Ralph Pastore has been around the Toronto Trad Jazz scene since the mid-2000s and the music scene there even longer. He was in a ska band, Frankie Foo, when he was introduced to trad jazz by his bandmates Marla Dixon and Toby Hughes. They brought him to watch their other band, the Don Valley Stompers, at a now-defunct pub called Paully’s. He was hooked.
In addition to piano, his main instrument, he learned the banjo to help him secure a place in the scene. He began to play with various bands around the city and though he left Frankie Foo in 2015, still plays with Hughes in the Don Valley Stompers, and it’s spin-off collective, The New Orleans Connection All-Stars. Marla Dixon, after relocating in 2009, has gone on to lead two of the hottest New Orleans based groups, the Shotgun Jazz Band and the Shake ‘Em Up Jazz Band.
Pastore’s main band is now Combo Royale, an ensemble group he formed that has, he says, developed its own style organically, “a mishmash of old styles ranging from trad to ‘hot’ to swing to jugband/stringband.” They’ve released two albums, a self-titled release in 2013, and Follow Them Footsteps in 2015.
Their first album was almost all crowd-pleasing standards; “Avalon”, “Tishomingo Blues”, “When I Get Low”, “Some Of These Days”, ” Please Don’t Talk About Me.” They have a smoothly blended sound that makes great use of accordion (played by Pastore), violin, and a “Shout Chorus” responding to some of the main vocals. Several fine vocalists are used. I’d book them anywhere off the quality of this album. My pick is a tight “Darktown Strutters Ball”.
Follow Them Footsteps, is more exploratory. Still primarily standards they shift between bass heavy swing, slower piano driven numbers with a ragtime feel, and some blues. The album also makes greater use of both the violin and a female vocal. The primary male vocalist, banjo player Gabe DeSantis only sang on one track of the first album, I’m glad they recognized the uniqueness of his voice and used him more this time. Pastore is also more prominent on piano.
They go farther afield to find titles, including “Indiana”, Mineola Rag”, “Satan Your Kingdom Must Come Down”, and “The Cat’s Got Kittens” an old tune turned nonsense song which was popularized by Cliff ‘Kid’ Bastien and his Toronto based Happy Pals Jazz Band.

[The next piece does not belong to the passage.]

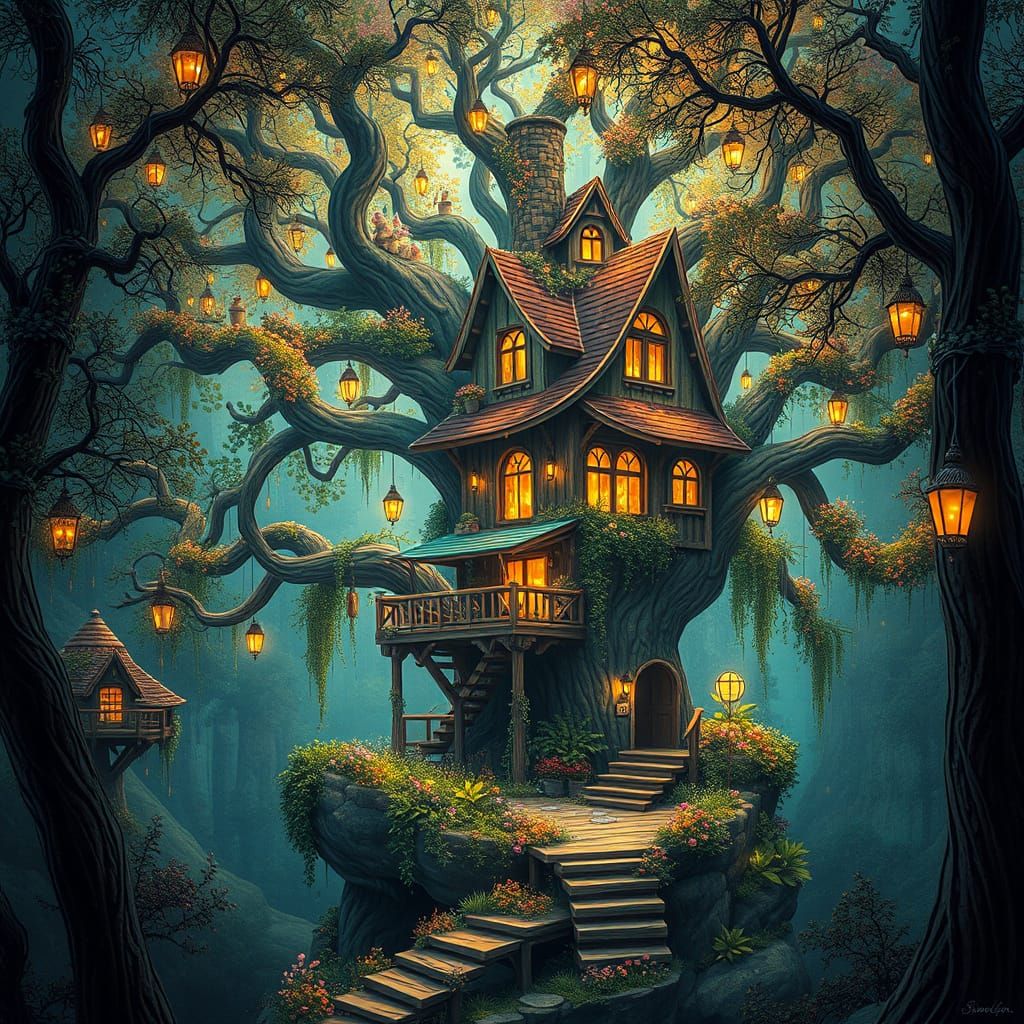 Enchanted treehouse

Again the album makes good use of the “Shout Chorus”. Tracks are rendered in creative treatments giving them new soul. The pared down “Tain’t Nobody’s Biz-ness If I Do” was particularly effective.
It is clear from Follow Them Footsteps that Ralph Pastore was starting to stretch his creative wings. He says the unique sound of Combo Royale limited what he could write for the band and they were never able to get more than one or two originals onto an album. On this first album of all original material, Stella Pearl and Other Stories, he gets around this problem by making use of three different bands.
In addition to Combo Royale, he utilizes The Penny Pressers, a smaller group Pastore formed with the express intent of learning to better lead songs, and as a vehicle for developing original music. Several players come out of the Hot Club style. He also recruited the New Orleans Connection All Stars, a more strictly trad band.
He says “Using three groups for this recording allowed the different styles of my music to be expressed in a more natural way”.
Trusting the musicians has been the key to his recordings with all of his albums. All songs are recorded live off the floor in 2-3 takes with no rehearsal – everyone was provided with chords and melody beforehand and Pastore talked them through each song before recording but otherwise, “I just let them do what they do best.”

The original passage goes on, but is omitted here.